Since then, DACA has been the subject of constant debate and negotiation. Democrats have continued to threaten to shut down the government, when the Treasury runs out of money on Feb. 8, if no favorable agreement can be reached.
Trump’s proposal more than meets Democratic demands on DACA. But in return Trump wants Democrats to swallow three proposals of varying unpalatability.
First, the creation of a $25 billion fund for construction of a southern border wall to prevent illegal entry to the United States, primarily by undocumented Hispanics.
Second, a shift in immigration priorities from family reunification to a merit system granting entry to workers with relatively high skills. This would require limiting reunification preferences to minor children and spouses, while eliminating them for parents, siblings and adult children, what critics call “chain migration.” These steps would reduce immigration from developing countries: The two top countries of origin benefiting from family reunification policies are Mexico and the Dominican Republic.
Third, an end to the Diversity Immigrant Visa Program. The countries providing the largest numbers of immigrants under the lottery visa program, according to the State Department, are Cameroon, Congo, Liberia, Egypt, Iran, Nepal, Ukraine and Uzbekistan.
The greatest unknown is how immigration reform will influence the voting behavior of the white working class.
In a Jan. 29 Vox essay, “The math is clear: Democrats need to win more working-class white votes,” Ruy Teixeira, a senior fellow at the liberal Center for American Progress, writes that Democrats seeking to regain control of Congress may be forced to mute their opposition to Trump immigration provisions they find offensive.
Teixeira argues that
The view that Democrats can get along without working-class white voters is simply wrong. It reflects wishful thinking and a rigid set of political priors — namely, that Democrats’ political problems always stem from insufficient motivation of base voters — more than a cold, hard look at what the electoral and demographic data say.
The problem for Democrats is that not only do they need to improve margins among white working-class voters but they cannot allow a repetition of the minority voting patterns in 2016. That year, black turnout fell to 59.6 percent from 66.6 percent in 2012; and Clinton won 66 percent of the Latino vote, five percentage points less than President Barack Obama in 2012.
Doug Jones’s December victory in the Alabama Senate race demonstrated how crucial black voters are to Democrats: In that close contest, African-Americans, 92 percent of whom voted for Jones, made up 29 percent of the electorate. They are 26 percent of the voting age population.
The conflicts the Trump proposals present for Democrats are most painful to Hispanic and black elected officials.
In a statement, Rep. Michelle Lujan Grisham, Democrat of New Mexico and chairwoman of the Congressional Hispanic Caucus, attacked Trump’s demands:
The White House is using Dreamers to mask their underlying xenophobic, isolationist, and un-American policies, which will harm millions of immigrants living in the United States and millions of others who want to legally immigrate and contribute to our country.

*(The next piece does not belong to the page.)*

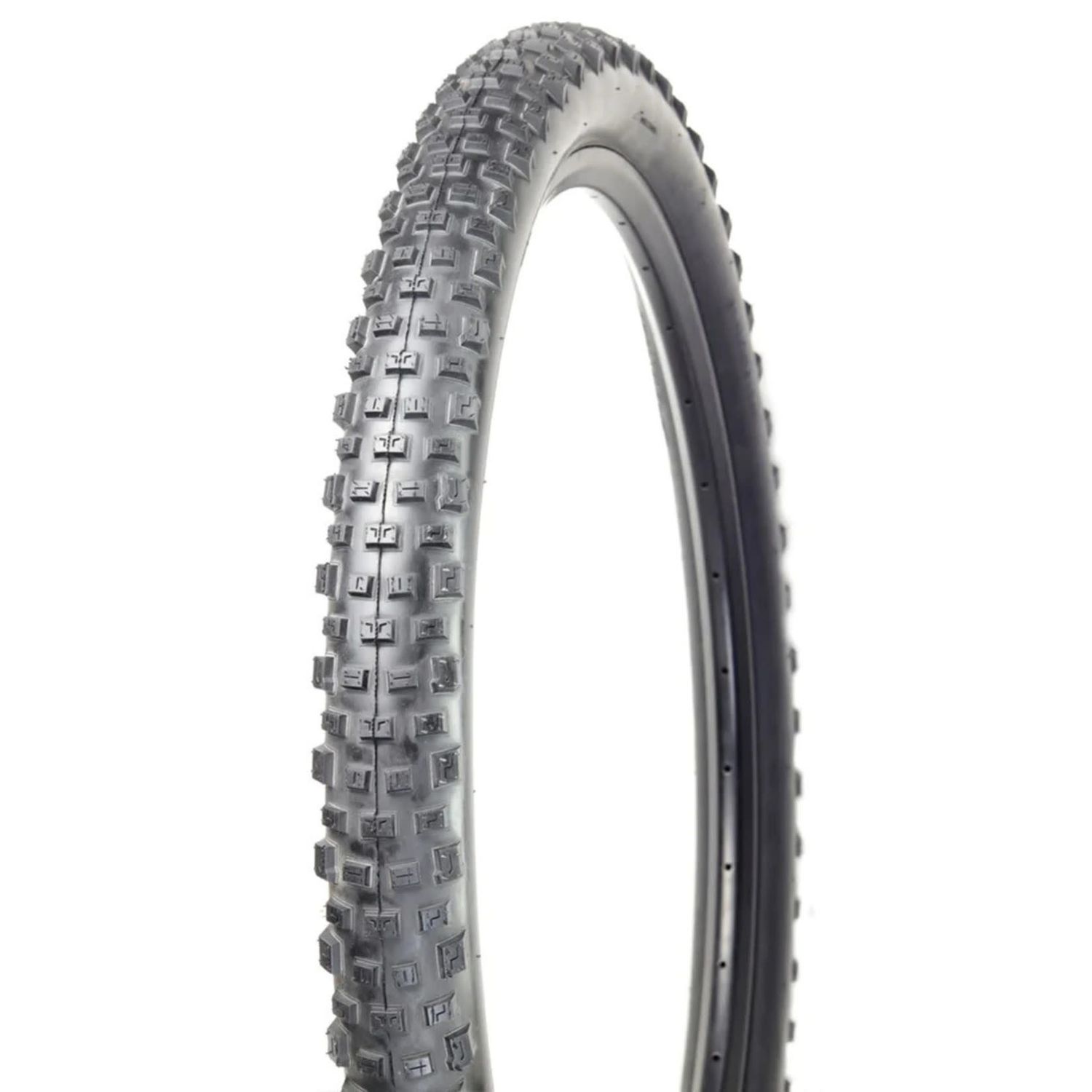 Delium Steady Tire 27.5 x 2.40 Black Skinwall 62tpi Flexible Light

Despite these complaints, there are many political analysts sympathetic to the Democratic plight who contend that Trump has boxed Democrats in.
Steven Gold, a sociologist at Michigan State University, emailed me:
Many Democrats fear that extensive investments and political posturing made on behalf of immigrants will be regarded as of little value to a large swath of independent voters whose support Democrats need to increase their representation in Congress.
In a reference to the demonstrated electoral liabilities of so-called “identity politics,” Gold argued that concerned Democrats worry that
by emphasizing particularistic rather than practical issues with a broad impact, they will once again lose the politically advantageous position that appears to be taking shape for them in 2018 and 2020.
More bluntly, Nolan McCarty, a political scientist at Princeton, declared in an email responding to my inquiry:
The Democrats don’t have a lot of good options other than to support it enough that it can pass with unified Republican support.
McCarty explained further:
Blocking it would allow the Trump Administration to suggest that the Democrats were willing to trade Dreamers for “lottery” and “chain” migration, as well as position them as soft on border security.
An advantage in accepting the Trump proposal, McCarty continued,
is that border security appropriations and visa programs can be fixed if the Democrats regain control. The effects of Dreamer deportations and/or sending them back into the shadows is far less reversible.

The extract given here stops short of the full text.